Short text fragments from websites
* * * * * * * * *

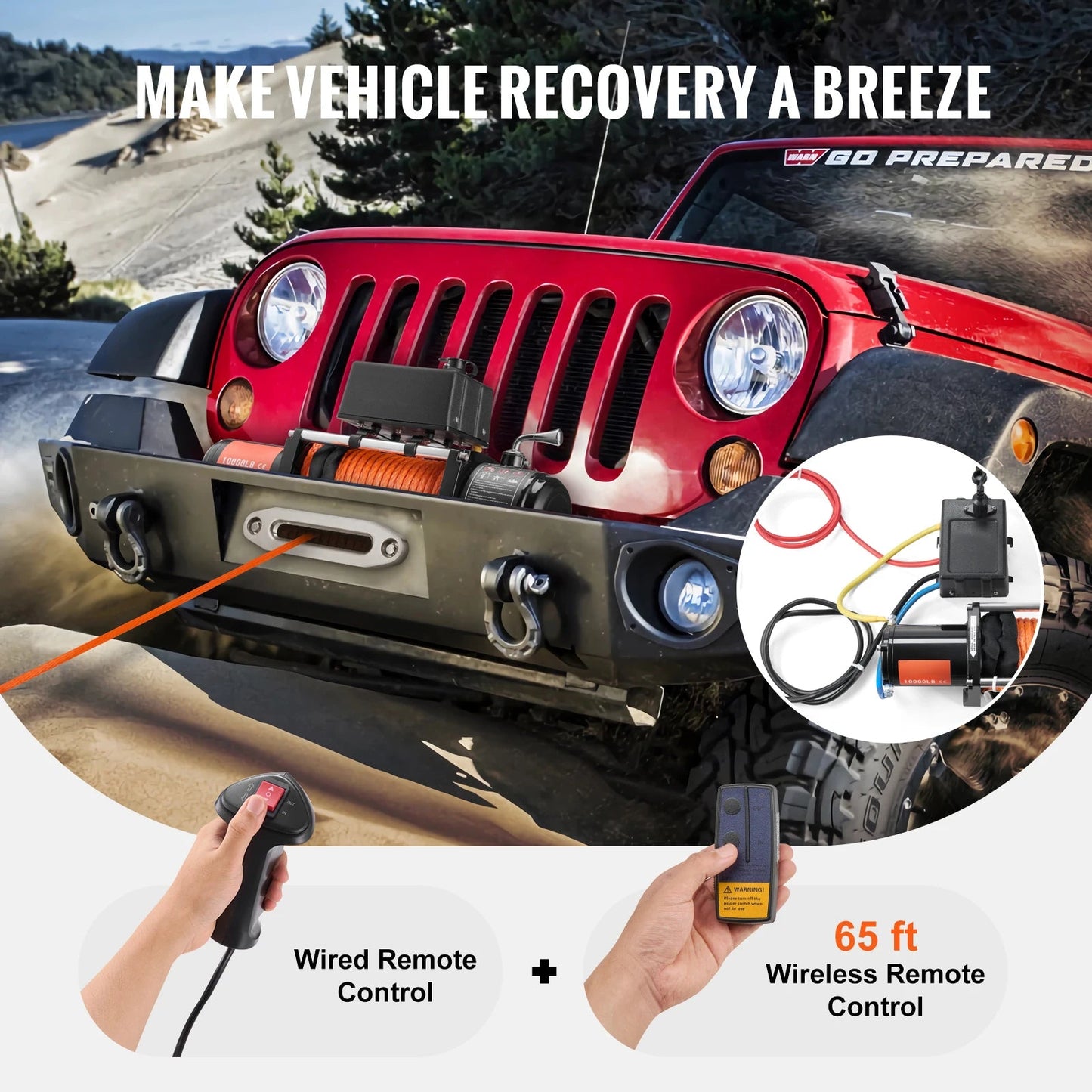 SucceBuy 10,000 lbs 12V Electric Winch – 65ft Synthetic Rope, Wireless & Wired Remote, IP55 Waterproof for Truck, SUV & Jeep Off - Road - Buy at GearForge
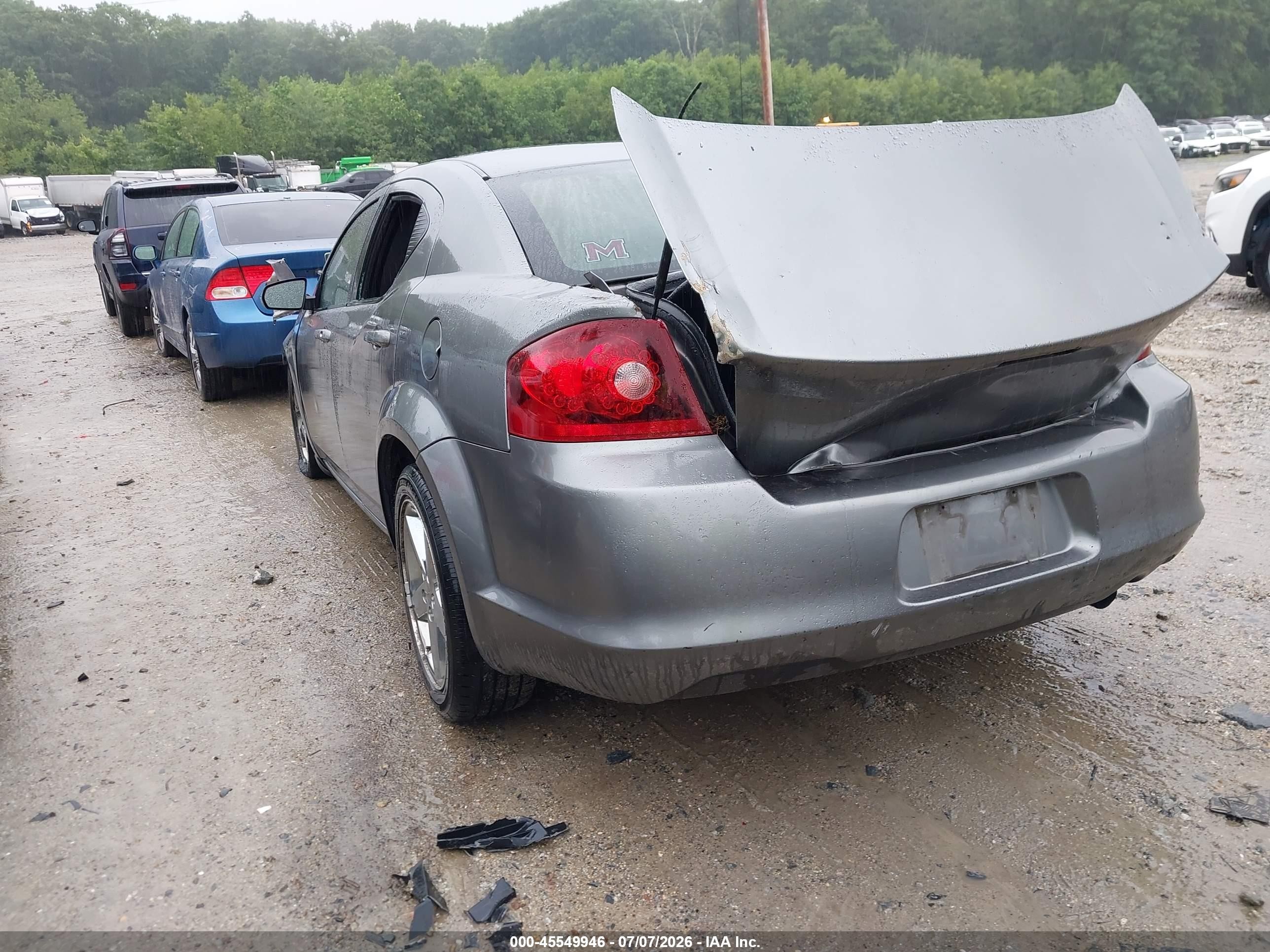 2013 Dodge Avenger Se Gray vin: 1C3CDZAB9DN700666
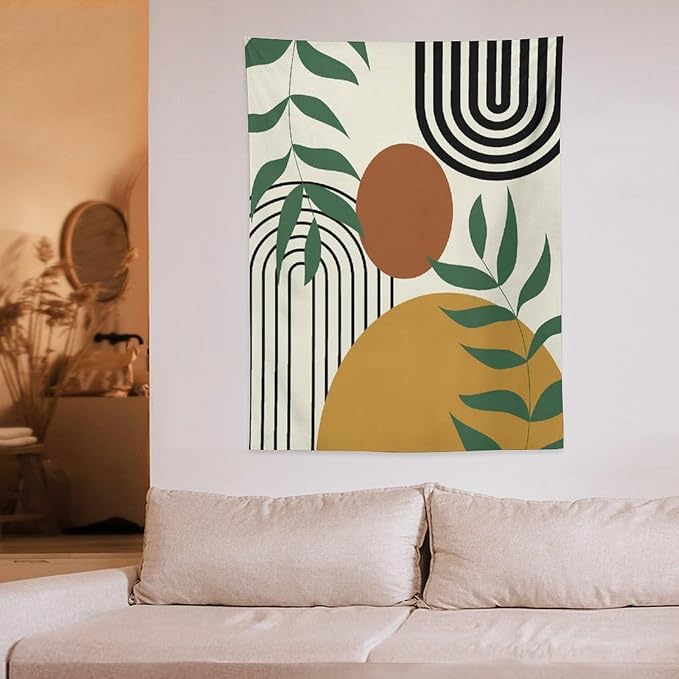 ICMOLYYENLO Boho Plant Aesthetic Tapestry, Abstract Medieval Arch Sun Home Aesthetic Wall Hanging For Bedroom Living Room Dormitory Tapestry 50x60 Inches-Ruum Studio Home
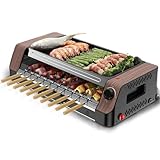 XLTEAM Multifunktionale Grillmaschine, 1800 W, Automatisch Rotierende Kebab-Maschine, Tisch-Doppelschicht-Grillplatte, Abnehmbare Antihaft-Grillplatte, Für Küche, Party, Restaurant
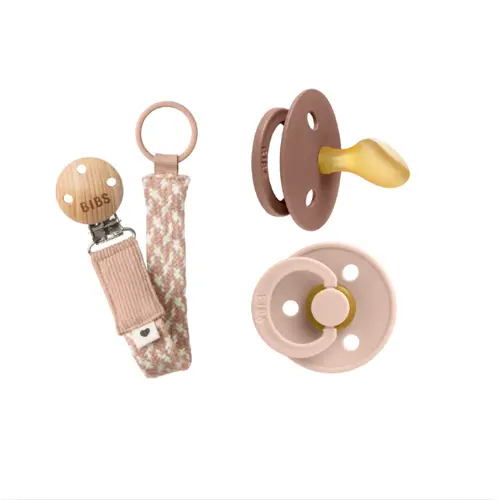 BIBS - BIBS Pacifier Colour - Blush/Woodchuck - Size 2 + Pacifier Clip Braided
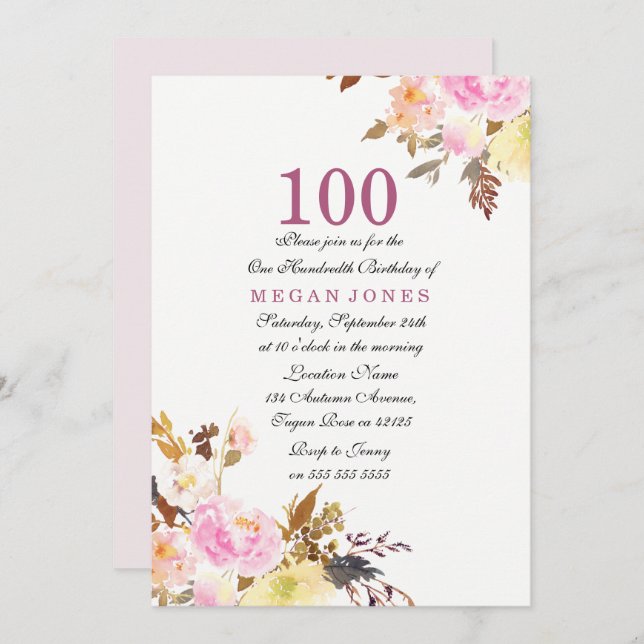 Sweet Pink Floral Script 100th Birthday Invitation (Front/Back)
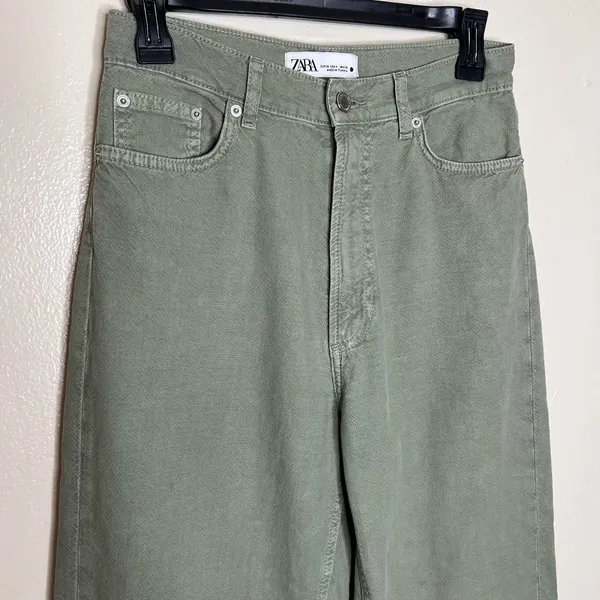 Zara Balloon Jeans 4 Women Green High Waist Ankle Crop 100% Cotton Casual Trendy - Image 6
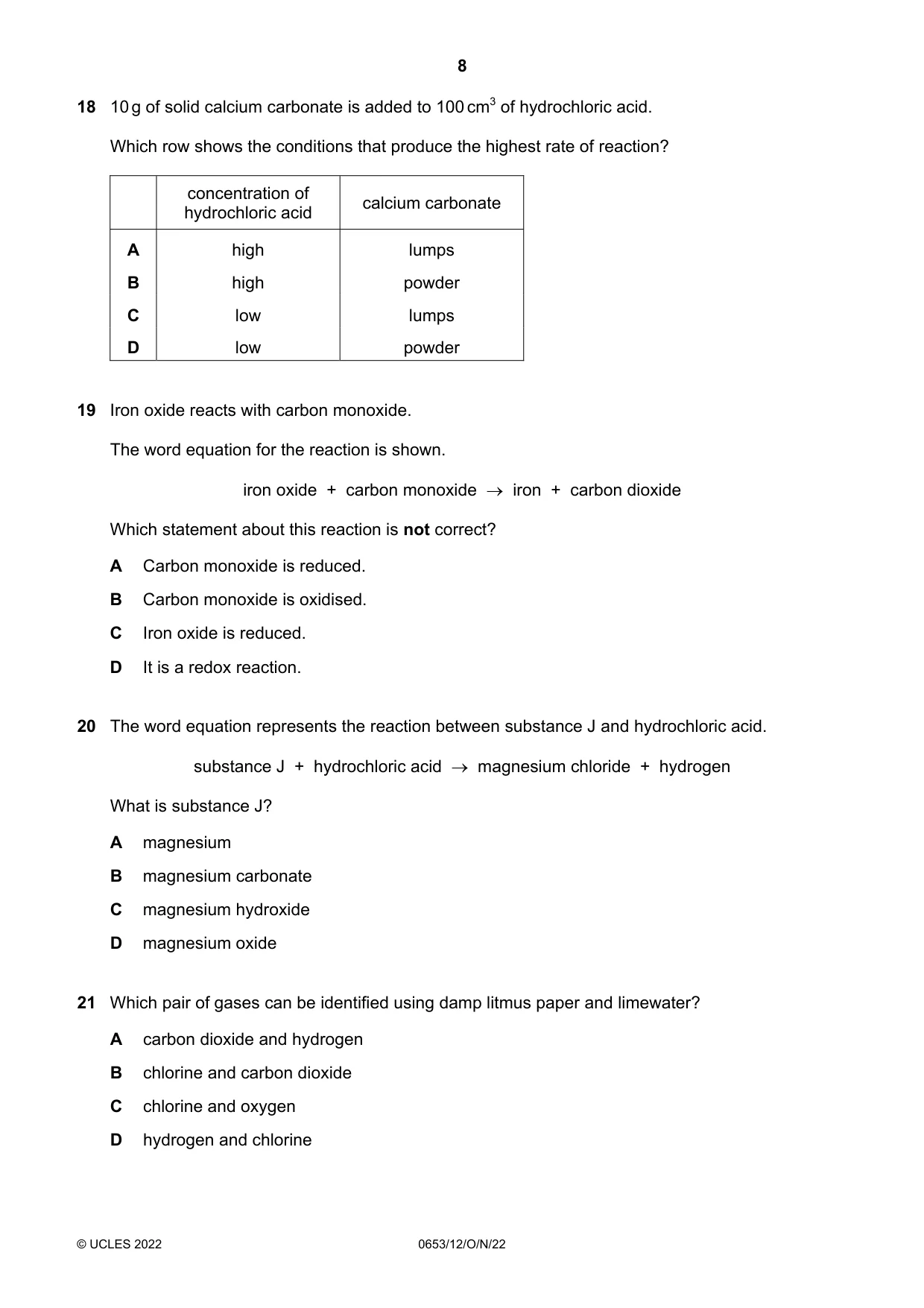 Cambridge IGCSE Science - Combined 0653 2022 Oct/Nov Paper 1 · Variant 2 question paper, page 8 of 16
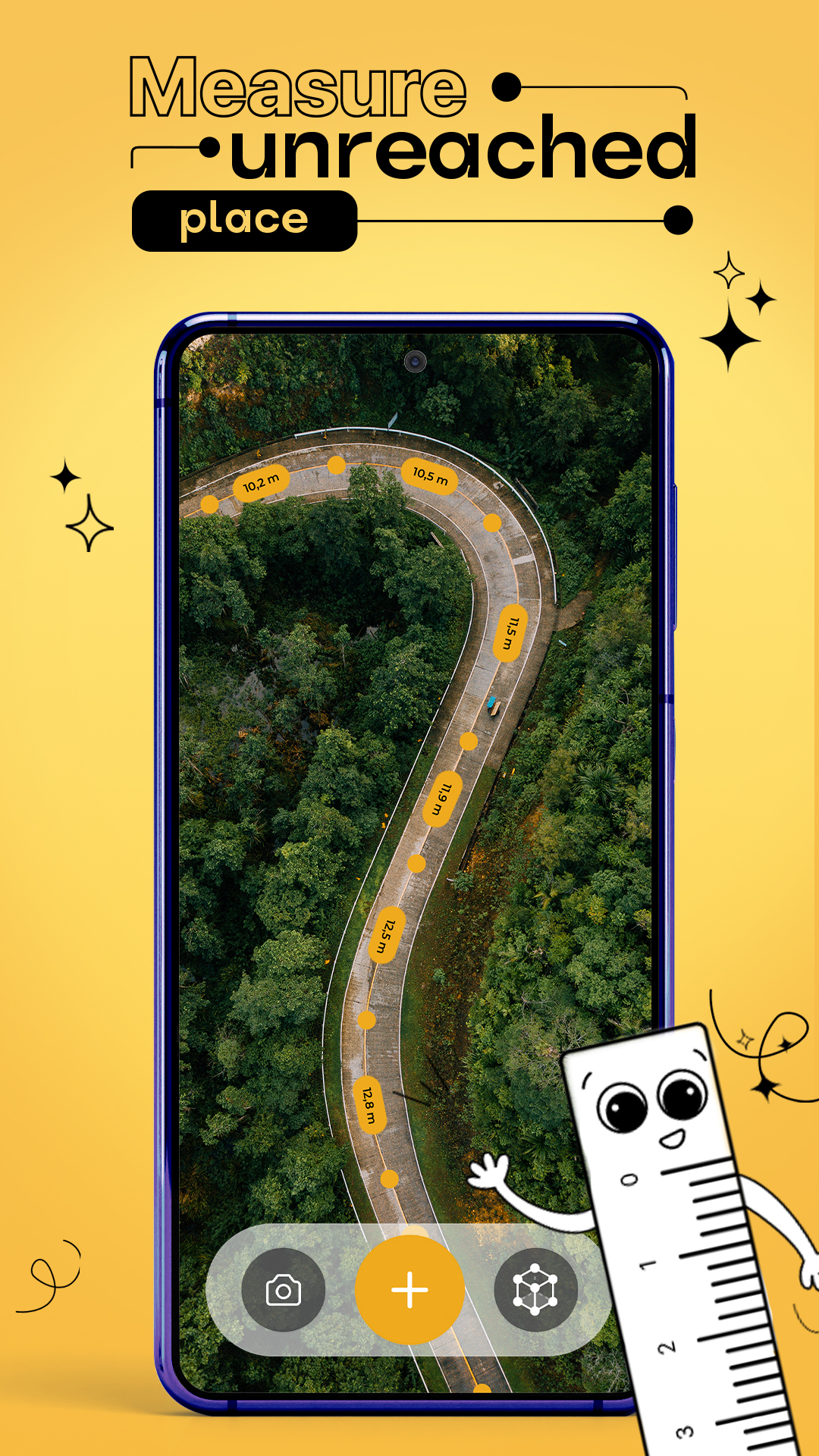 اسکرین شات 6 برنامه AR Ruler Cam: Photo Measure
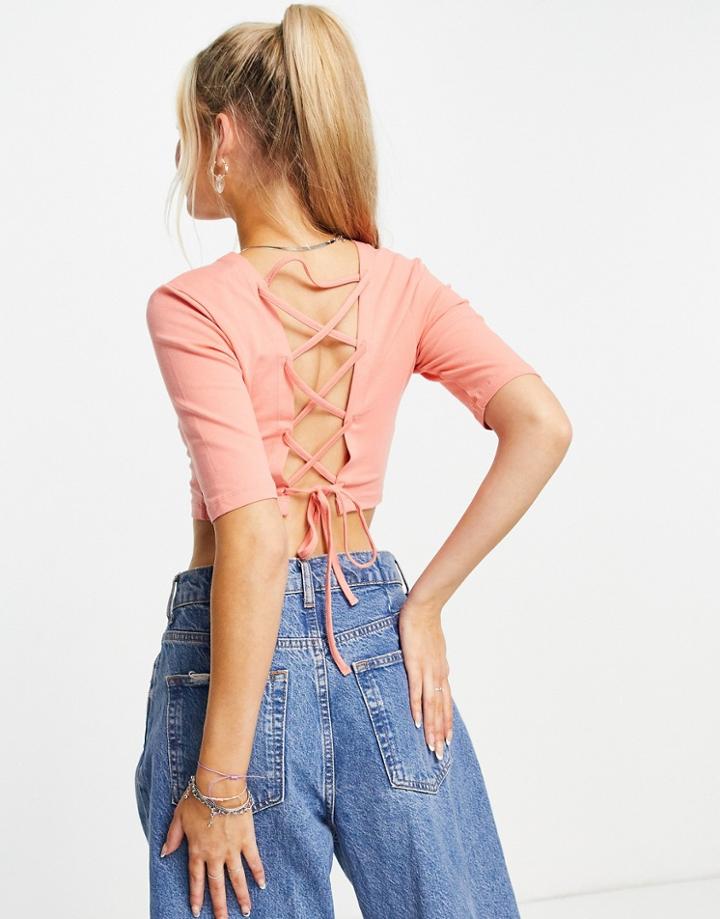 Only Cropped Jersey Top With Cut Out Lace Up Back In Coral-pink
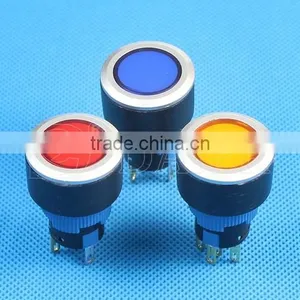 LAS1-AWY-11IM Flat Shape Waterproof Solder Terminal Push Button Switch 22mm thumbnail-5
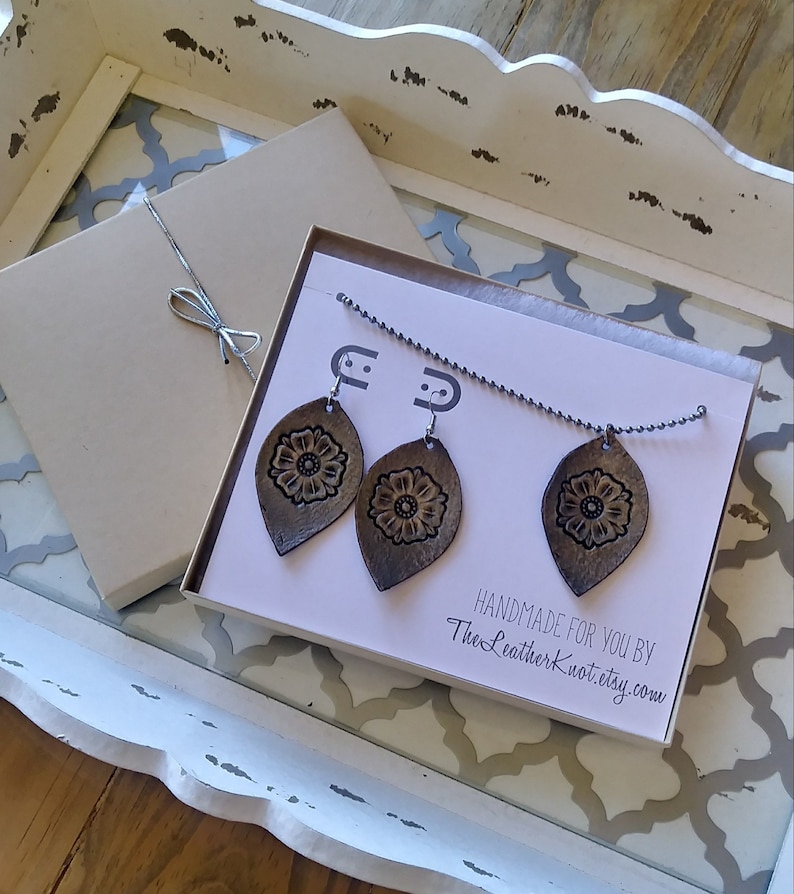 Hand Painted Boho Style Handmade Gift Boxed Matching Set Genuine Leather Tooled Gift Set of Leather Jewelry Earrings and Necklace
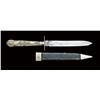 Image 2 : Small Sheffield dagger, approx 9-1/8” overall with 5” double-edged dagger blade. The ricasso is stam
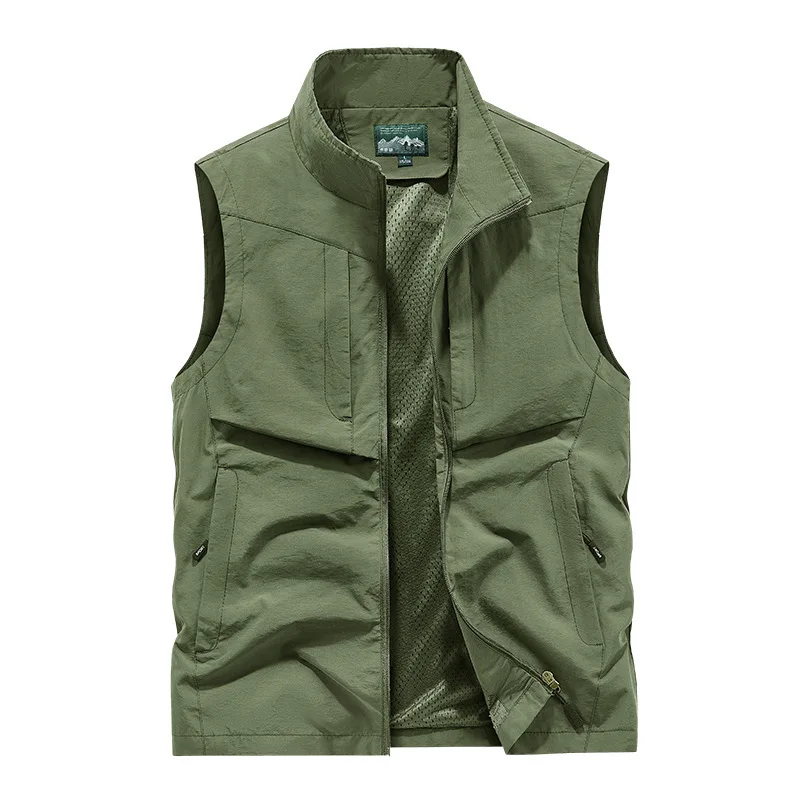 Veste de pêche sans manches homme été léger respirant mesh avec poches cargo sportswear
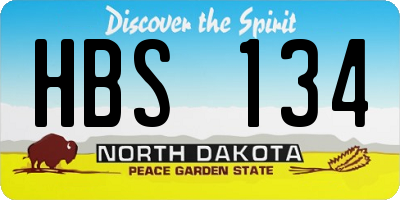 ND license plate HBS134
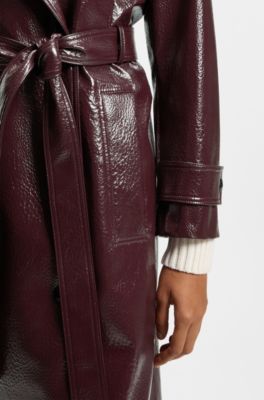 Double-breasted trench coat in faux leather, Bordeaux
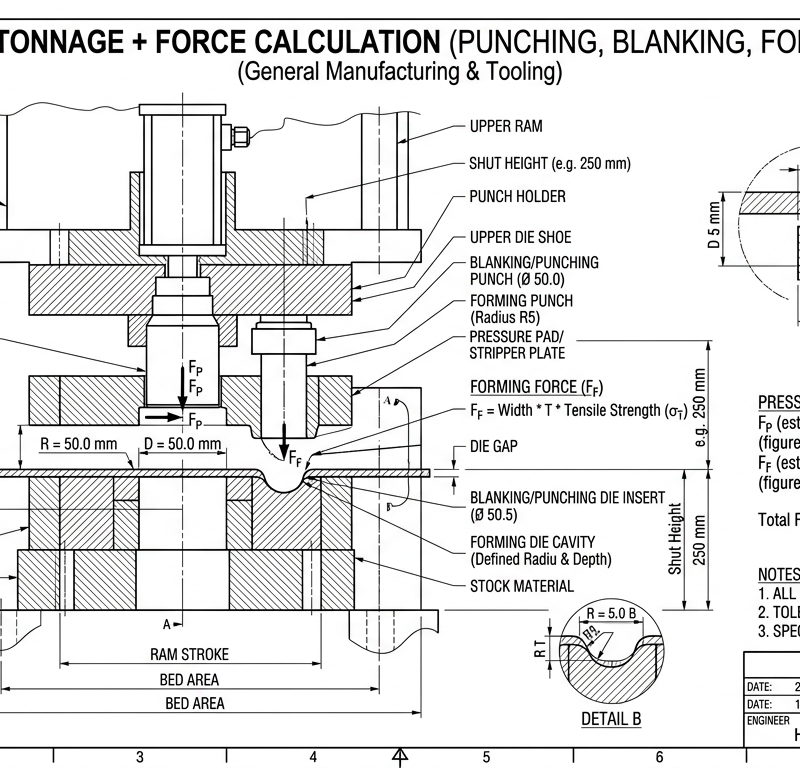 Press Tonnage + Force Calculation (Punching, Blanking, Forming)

* * * * * * * * *

Exercise requirements
Reproduce, word for word, only the lines in the records above from the line with "Zara Balloon Jeans" through the line with "Only Cropped Jersey", including both ends; omit the pictures.

Solution to the exercise
 Zara Balloon Jeans 4 Women Green High Waist Ankle Crop 100% Cotton Casual Trendy - Image 6
 Cambridge IGCSE Science - Combined 0653 2022 Oct/Nov Paper 1 · Variant 2 question paper, page 8 of 16
 اسکرین شات 6 برنامه AR Ruler Cam: Photo Measure
 Only Cropped Jersey Top With Cut Out Lace Up Back In Coral-pink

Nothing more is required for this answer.